• _Task prompt_: The data must be reproduced verbatim; images are to be omitted.

• _Supplied material_:
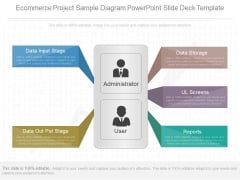 Ecommerce Project Sample Diagram Powerpoint Slide Deck Template Ecommerce Project Sample Diagram Powerpoint Slide Deck Template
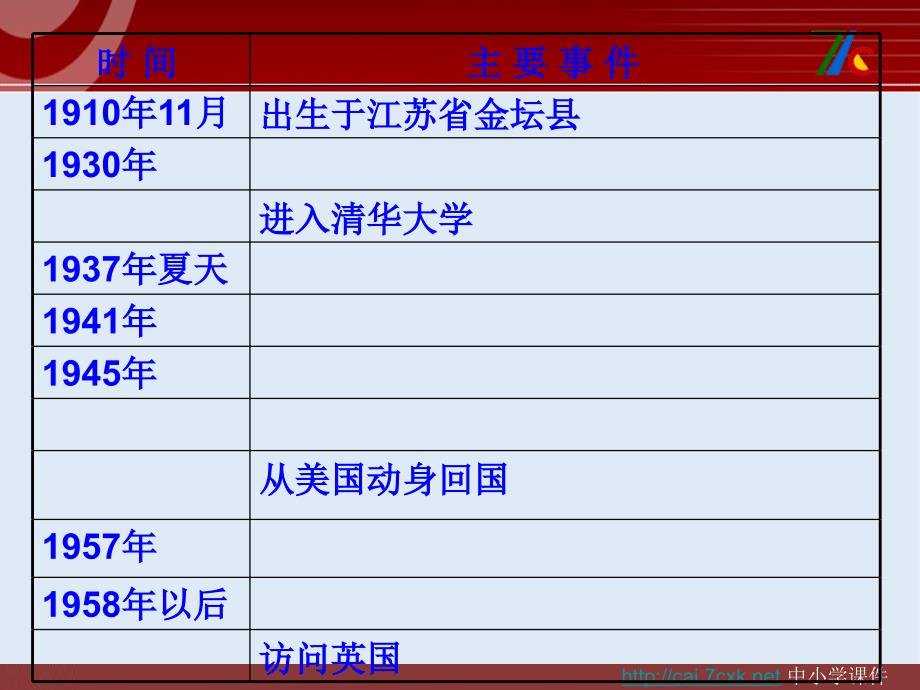 【K12配套】最新粤教语文必修一第5课华罗庚ppt课件3_第2页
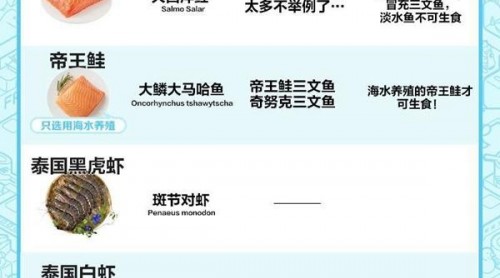 向海產(chǎn)命名亂象說“不”：盒馬鮮生公開銀鱈魚三文魚等海產(chǎn)品命名標(biāo)準(zhǔn)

• _Completed exercise_:
 Ecommerce Project Sample Diagram Powerpoint Slide Deck Template Ecommerce Project Sample Diagram Powerpoint Slide Deck Template
 【K12配套】最新粤教语文必修一第5课华罗庚ppt课件3_第2页
 向海產(chǎn)命名亂象說“不”：盒馬鮮生公開銀鱈魚三文魚等海產(chǎn)品命名標(biāo)準(zhǔn)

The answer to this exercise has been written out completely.